Eduardo Gonzalez detailed the traits and training that went into a sniper Team Leader, or ATL, the improvisational capabilities, the math skills required to calculate shots or use the Pythagorean Theorem to establish position. The shooter would be an expert in the art of camouflage, able to blend into a flat desert, a lush jungle, or any urban setting. He would be patient enough to wait hours, days even, without books or music or entertainment, undetected, for the one moment when he could get the shot to complete his mission. He would have knowledge of explosives, from doughnut charges that opened doors, to C4 and Claymore mines to blow open walls to establish the backdoors he would need for escape. He would have security training; while the TLs and ATLs were primary shooters focused on mission targets, any threat to the team was security’s task to eliminate. He would be versed in the use and maintenance of multiple weaponry, from M24s, 110s, to the big boys, Barrett 50-caliber rifles with ranges to 3000 meters. He would know his pistols, too, and have had at least some time with automatic weaponry. He would be capable of recon work, with scout training, and be certified with MSID, satellite-assisted tactical reconnaissance, as well as short-range visual and auditory devices: spy stuff, basically.

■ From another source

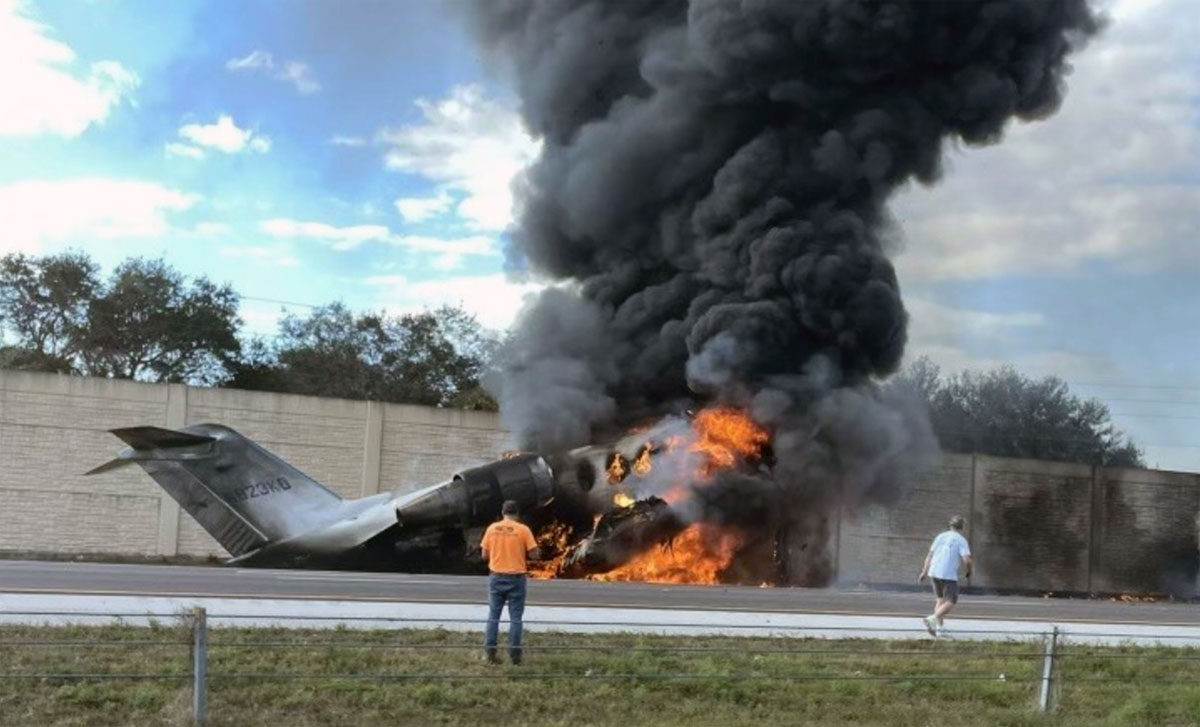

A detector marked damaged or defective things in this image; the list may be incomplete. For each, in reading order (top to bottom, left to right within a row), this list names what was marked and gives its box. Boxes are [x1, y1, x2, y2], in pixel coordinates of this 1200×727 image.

If there were ten thousand soldiers capable of taking six targets inside twelve seconds without a miss, there might be only several hundred within hours of the Tri-State area. How many with size thirteens? With names, they could get to charge cards, car registrations, or any of the myriad data points that would quickly take pools of thousands and reduce these into specific packages. As it was, the shooter might be right under their noses.